Lompat ke isi utama
Hidayah Ratna Febriani saat diwawancarai solider di ruang kerja Ida Modiste

Butik Ida Modiste: Bisnis Jahit-Menjahit yang Terus Berkembang

Solider.or.id, Semarang- “Oh, ya malu. Tentu malu.” Ia mengenang masa kecilnya sewaktu menjadi bahan olokan temna-temannya. Ia seorang perempuan yang kini sudah memiliki satu putri berumur 8 tahun, Kalyla Danar namanya. Ia menjadi bahan perundungan hanya karena kondisi fisiknya yang memaksa ia menggunakan brisk sebagai alat bantu dalam kesehariannya.

Sudah 20 tahun masa-masa itu dilewatinya. Ia sudah melupakan semuanya, seiring usaha yang kini sedang dilakoninya. Dengan 15 orang karyawan, dua diantaranya karyawan Tuli. Ia membuka usaha butik yang diberi nama Ida Modiste yang berkantor tak jauh dari rumahnya sekarang, di Jalan Medoho Raya nomor 61, Semarang.

ruang tamu yang difungsikan sebagai ruang kerja bagi para karyawan, ia terlihat sedang melayani tamu dan konsumennya di ruang samping yang ditata sederhana. Dua manequin dengan kebaya karyanya tak jauh dari meja kerja, memberi kesan mewah pada ruang rapi yang bersahaja.

Didampingi Sunar, suaminya yang berprofesi sebagai guru di SLB Negeri Semarang. Ia mengisahkan perjalanan panjang usaha yang dilakoninya. Sambil sesekali melayani tamu yang datang, obrolan santai di sela riuh suara karyawan terasa penuh keakraban.
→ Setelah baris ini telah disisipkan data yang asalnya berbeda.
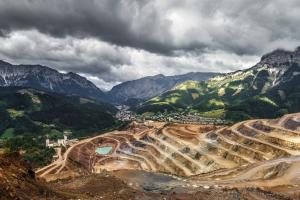 Open cast mine in mountain landscape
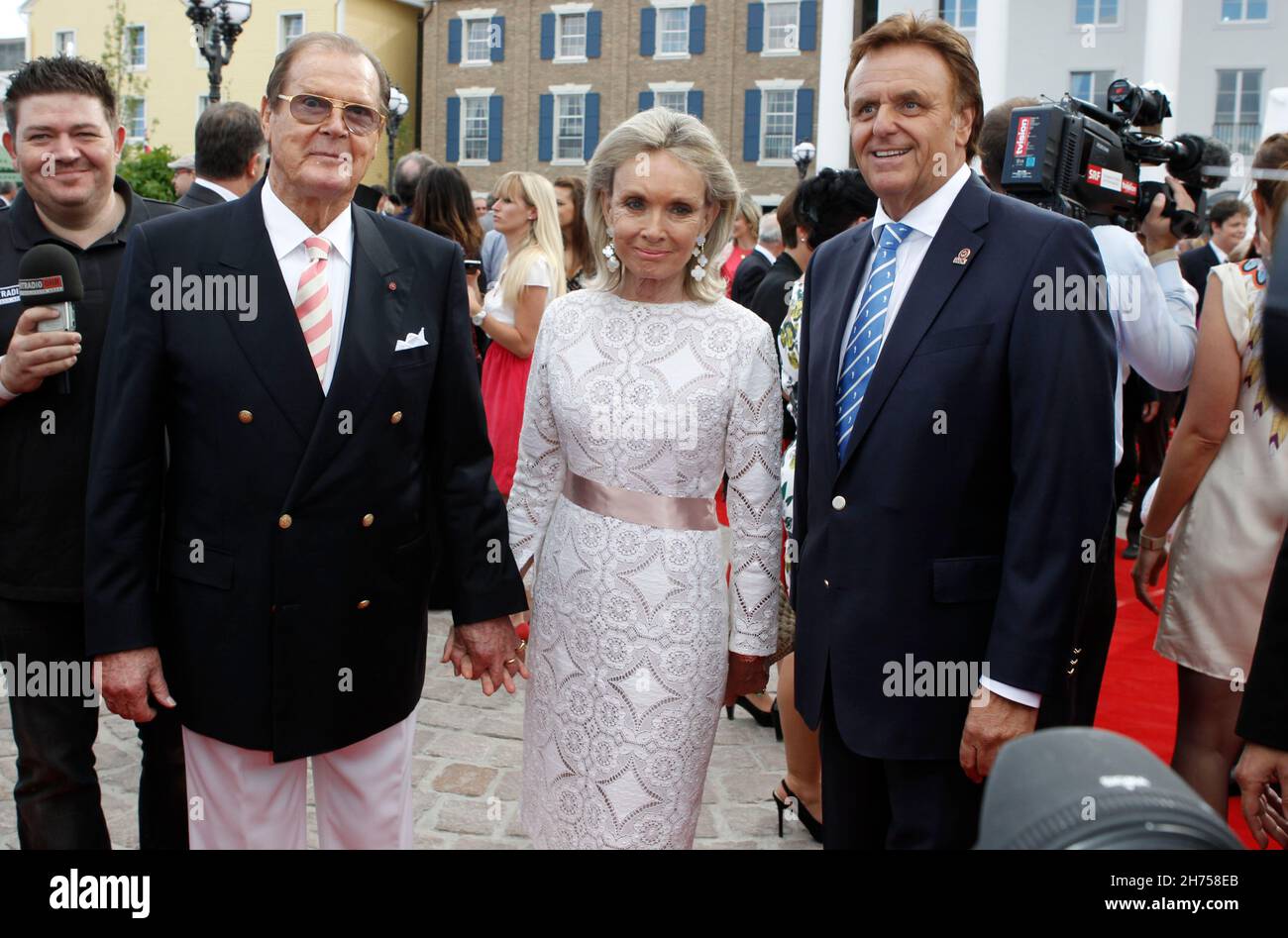 Rust, Germany - July 12, 2012: Hotel Bell Rock Opening at Europa-Park in Rust with British Actor Sir Roger Moore, wife Kristina Tholstrup and Europa-Park CEO Roland Mack. Europa, Park. Mandoga Media Stock Photo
Wajahnya selalu ramah dengan senyum mengembang, kalimat yang terucap penuh kelembutan dengan paras natural sebuah komposisi yang pas sebuah eksederhanaan.

Hidayah Ratna Febriani, biasa disapa Ida, bercerita bagaimana ia terjun di bidang jahit menjahit yang dulu tak pernah jadi impian. “Tidak pernah kepikiran buka usaha jahit. Tidak pernah kepikiran punya karyawan. Semua mengalir. Dan semua karena orangtua yang mengarahkan sehingga saya bisa seperti sekarang,” kisah perempuan yang sangat mengidolakan Anne Avantie (03/01).

Dari sana pula, Ida tertarik mengajarkan secara gratis beberapa ilmu yang ia dapatkan kepada sesama teman-teman difabel. Tak segan, beberapa dari mereka datang ke rumahnya, belajar dan ngangsu kawruh langsung darinya, saat sedang tak melayani banyak pelanggan usaha jahitnya.

Lahir di Semarang, 2 februari 1975, anak kedua dari lima bersaudara pasangan Sudarto dan (almarhumah) Nafisya Umaya. Ida kecil, tak pernah mengira bahwa pada usia tiga tahunnya, folio memaksanya untuk menggunakan brisk sebagai alat bantu berjalan.

“Dulu waktu kecil sering jatuh saat belajar jalan. Lalu demam tinggi dan diperiksakan. Diberi obat kemudian malah kejang. Makin lama kaki saya makin mengecil. Dari situ saya divonis polio.” Ada getar di bibirnya saat mengucapkan itu. Ia merapihkan kerudungnya, berkata “orangtuanya kebesaran jiwa mengajarkannya rendah hati.”  

Ida mendaftar di SMK Negeri Semarang yang sejak dulu jadi diidolakannya. Ia sempat kecewa karena ditolak. Berbekal modal pengalaman dan pengetahuannya, ia nekat memberanikan diri mencari SMK Negeri lain. Hingga kini ia merupakan alumni dari SMK Negeri 2 Semarang.

“Ilmu manajemen yang saya dapatkan sangat berguna untuk dunia usaha yang saya jalani sekarang. Pedoman POAC, Planning, Organizing, Acting dan Controlling ditambah History, nilai sejarah usaha yang kita jalankan menjadi faktor penunjang usaha yang kita kembangkan,” tukasnya, tertawa.

Semasa sekolah ia merasa dijauhi para guru, bahkan dicap sebagai murid yang tidak pernah ikut olah raga dari kelas I hingga kelas III. Nilai pelajaran olah raganya mendapat 5,9.  Padahal guru tahu bahwa dengan kondisi seperti saya bisa ikut olah raga,” lagi-lagi ia terkekeh.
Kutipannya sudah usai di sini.